Ketika skor sama kuat 5-5, Southgate yang innocent itu maju sebagai penendang keenam. Sepakannya gagal. Lalu, Andy Moller membuat Jerman ke final. Inggris tersingkir.

Sempat ditolak di awal melatih karena tidak sesuai kualifikasi

Tahu-tahu, Southgate "banting stir" melatih. Tahun 2006-07, dia ditunjuk melatih Middlesbrough, mengisi posisi Steve McClaren yang melatih Inggris.

Menariknya, di awal melatih, Southgate sempat digugat karena tidak memenuhi kualifikasi menjadi pelatih. Dia tidak memiliki lisensi UEFA Pro sebagai syarat untuk bisa melatih tim Premier League.

Namun, dia mendapatkan dispensasi. Keringanan. Itu setelah Middlesborugh sukses melobi Pihak FA.

Middlesbrough bersikukuh, Southgate belum mengikuti kursus kepelatihan karena agenda padatnya bermain untuk negara dan klub. Seiring waktu, dia lantas memenuhi kualifikasinya.

Meski tak pernah meraih piala sebagai pelatih, Southgate pernah meraih penghargaan individu. Dia pernah terpilih jadi Premier League Manager of The Month edisi Agustus 2008.

Namun, kemesraan Southgate bersama Middlesbroght berakhir pahit. Di musim 2008/09, The Boro terdegradasi ke Divisi Championship setelah 11 musim tampil di Premier League.

Southgate berikrar bisa meraih promosi instan untuk Middlesbrough. Secepatnya kembali ke Premier League. Namun, dia malah dipecat oleh manajemen klub.

Setelah itu, dia "menghilang" dari sepak bola. Empat tahun dia menepi. Hingga, di tahun 2013, dia ditunjuk menjadi pelatih Tim Inggris U-21 menggantikan Stuart Pearce.

Lantas, September 2016, dia ditunjuk melatih tim senior. Sempat tiga bulan menjadi caretaker, dia lalu disodori kontrak sebagai pelatih permanen empat tahun.

Meski dulunya bukan bek yang tenar, tapi Southgate menunjukkan kepada publik bila dirinya seorang pelatih hebat. Dia membawa Inggris lolos ke Piala Dunia 2018.

Kita tahu, dibawa kepemimpinan Southgate, Inggris tampil oke di turnamen itu. Dia membawa Inggris lolos ke semifinal Piala Dunia 2018 sebelum kalah dari Kroasia.

Southgate menyamai pencapaian pelatih tenar, mendiang Sir Bobby Robson yang pernah membawa Inggris lolos ke semifinal Piala Dunia 1990.

Namun, untuk penampilan di Piala Eropa, Southgate meraih hasil lebih oke dari Robson yang meninggal pada 31 Juli 2009 silam. Inggrisnya Robson terhenti di fase grup Piala Eropa 1988.

Prestasi Southgate menaikkan martabat pelatih Inggris

Keberhasilan Southgate membawa Inggris ke final Piala Eropa itu menjadi bukti, pelatih asal Inggris juga bisa berprestasi.

Selama ini, pelatih-pelatih Inggris dikenal kurang berprestasi. Pencapaian minimalis Timnas Inggris ketika dilatih pelatih Inggris di ajang turnamen internasional seperti Piala Dunia dan Piala Eropa mejnadi penegas.

Tidak hanya di level timnas, di level klub pun, pelatih-pelatih asal Inggris masih dianggap "pelatih kelas dua". Bahkan, di rumahnya sendiri, pelatih asal Inggris itu seperti orang asing.

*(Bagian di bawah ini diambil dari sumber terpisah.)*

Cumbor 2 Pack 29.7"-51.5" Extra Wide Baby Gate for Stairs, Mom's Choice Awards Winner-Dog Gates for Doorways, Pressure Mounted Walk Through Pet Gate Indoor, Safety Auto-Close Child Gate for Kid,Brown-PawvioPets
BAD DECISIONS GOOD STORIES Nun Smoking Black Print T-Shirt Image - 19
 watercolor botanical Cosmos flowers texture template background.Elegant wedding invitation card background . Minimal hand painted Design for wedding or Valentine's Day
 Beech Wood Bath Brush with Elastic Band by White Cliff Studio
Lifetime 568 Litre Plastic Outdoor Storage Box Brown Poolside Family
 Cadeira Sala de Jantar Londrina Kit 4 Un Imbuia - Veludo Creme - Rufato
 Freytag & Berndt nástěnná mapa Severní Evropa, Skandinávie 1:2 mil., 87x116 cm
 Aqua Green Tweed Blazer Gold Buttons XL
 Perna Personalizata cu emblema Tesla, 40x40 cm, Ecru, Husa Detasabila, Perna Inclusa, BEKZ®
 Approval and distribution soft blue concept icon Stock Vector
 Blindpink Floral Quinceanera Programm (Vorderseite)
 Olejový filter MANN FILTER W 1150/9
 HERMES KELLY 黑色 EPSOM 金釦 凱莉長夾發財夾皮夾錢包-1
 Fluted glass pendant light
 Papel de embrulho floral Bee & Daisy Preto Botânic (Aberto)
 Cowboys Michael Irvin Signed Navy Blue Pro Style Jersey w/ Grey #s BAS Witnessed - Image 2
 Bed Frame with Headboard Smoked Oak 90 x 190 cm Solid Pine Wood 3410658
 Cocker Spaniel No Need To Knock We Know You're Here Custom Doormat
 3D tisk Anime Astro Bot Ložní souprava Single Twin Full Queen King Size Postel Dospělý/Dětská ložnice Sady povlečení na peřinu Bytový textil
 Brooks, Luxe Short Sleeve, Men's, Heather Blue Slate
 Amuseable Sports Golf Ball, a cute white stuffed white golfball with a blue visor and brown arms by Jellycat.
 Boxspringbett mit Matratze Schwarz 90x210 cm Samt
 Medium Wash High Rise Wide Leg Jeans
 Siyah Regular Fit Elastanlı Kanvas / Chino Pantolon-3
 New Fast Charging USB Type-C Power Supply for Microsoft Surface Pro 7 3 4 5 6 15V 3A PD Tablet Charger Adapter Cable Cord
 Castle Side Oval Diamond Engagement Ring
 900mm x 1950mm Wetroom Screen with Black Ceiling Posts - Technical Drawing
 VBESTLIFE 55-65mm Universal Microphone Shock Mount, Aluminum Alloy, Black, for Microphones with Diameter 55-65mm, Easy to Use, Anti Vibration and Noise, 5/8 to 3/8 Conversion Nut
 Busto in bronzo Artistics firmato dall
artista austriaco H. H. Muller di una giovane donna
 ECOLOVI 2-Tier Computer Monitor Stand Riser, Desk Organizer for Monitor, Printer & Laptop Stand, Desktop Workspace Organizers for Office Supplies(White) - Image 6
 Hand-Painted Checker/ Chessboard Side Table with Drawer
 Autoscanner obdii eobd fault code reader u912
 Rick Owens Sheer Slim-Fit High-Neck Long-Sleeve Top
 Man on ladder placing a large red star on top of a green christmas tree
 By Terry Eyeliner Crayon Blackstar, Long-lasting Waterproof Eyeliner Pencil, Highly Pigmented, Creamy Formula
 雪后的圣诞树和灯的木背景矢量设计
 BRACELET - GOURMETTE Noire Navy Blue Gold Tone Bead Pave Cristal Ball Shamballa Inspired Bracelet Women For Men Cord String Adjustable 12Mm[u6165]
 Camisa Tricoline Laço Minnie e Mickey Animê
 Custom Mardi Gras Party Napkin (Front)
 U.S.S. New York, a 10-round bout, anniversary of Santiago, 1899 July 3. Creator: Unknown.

Tengok apa yang terjadi di Liga Premier Inggris. Belum pernah ada pelatih asli Inggris yang masuk dalam jajaran pelatih elit karena prestasinya.

Sejak format Liga Inggris berubah nama menjadi Premier League dan dikenalkan di musim 1992/93 menggantikan Old Division, belum pernah ada pelatih Inggris yang bisa membawa klubnya juara.

Dari 11 pelatih yang pernah juara di Premier League, semuanya bukan orang Inggris. Seolah semesta tidak merestui pelatih Inggris untuk berprestasi di negaranya sendiri.

Tidak percaya? Simak daftarnya.

Pelatih tersukses dalam sejarah Premier League, Sir Alex Ferguson yang meraih 13 gelar, bukanlah orang Inggris. Ia orang Skotlandia.

Juga Kenny Dalglish yang membawa Blakcburn Rovers jadi juara di musim 1994/95, dia pun orang Skotlandia.

Lalu, Arsene Wenger, pelatih legendaris Arsenal periode 1996-2018, ia orang Prancis. Jose Mourinho yang tiga kali juara bersama Chelsea, orang Portugal.

Lalu, Carlo Ancelotti, Roberto Mancini, Clauido Ranieri, hingga Antonio Conte yang pernah sekali juara, mereka Italiano. Orang Italia.

Bahkan, ada orang Amerika Latin, Manuel Pellegrini (Chile) yang pernah juara bersama Manchester City di musim 2013/14.

Hingga kini, di era rivalitas Pep Guardiola dan Jurgen Klopp, keduanya juga bukan Englishman. Guardiola asal Spanyol. Sementara Klopp orang Jerman.

Padahal, sejak musim 1992/93 itu, sudah ada ratusan pelatih asli Inggris yang melatih klub Premier League. Beberapa yang tenar di antaranya Roy Hodgson, Harry Redknapp, Sam Allardyce, hingga Alan Pardew.

Hingga era beberapa pelatih yang berusia di bawah 50 tahun seperti Scott Parker, Graham Potter, Dean Smith, ataupun Frank Lampard.

Namun, semuanya belum mampu menjadi pelatih elit di Premier League. Lampard yang sempat diekspos bagus, musim lalu dipecat Chelsea, klub yang menjadikannya legenda.

Mungkin hanya Steven Gerrard yang mendapat nilai plus plus. Musim lalu, dia membawa Glasgow Rangers menjadi juara di Liga Primer Skotlandia. Namun, dia belum pernah melatih di Premier League.

Toh, dengan pencapaian Southgate di Euro 2020 ini, para pelatih Inggris bakal lebih termotivasi. Bahwa, mereka juga bisa meraih prestasi. Siapa tahu, di tahun-tahun mendatang, ada pelatih Inggris yang membawa klub Premier League jadi juara. Salam.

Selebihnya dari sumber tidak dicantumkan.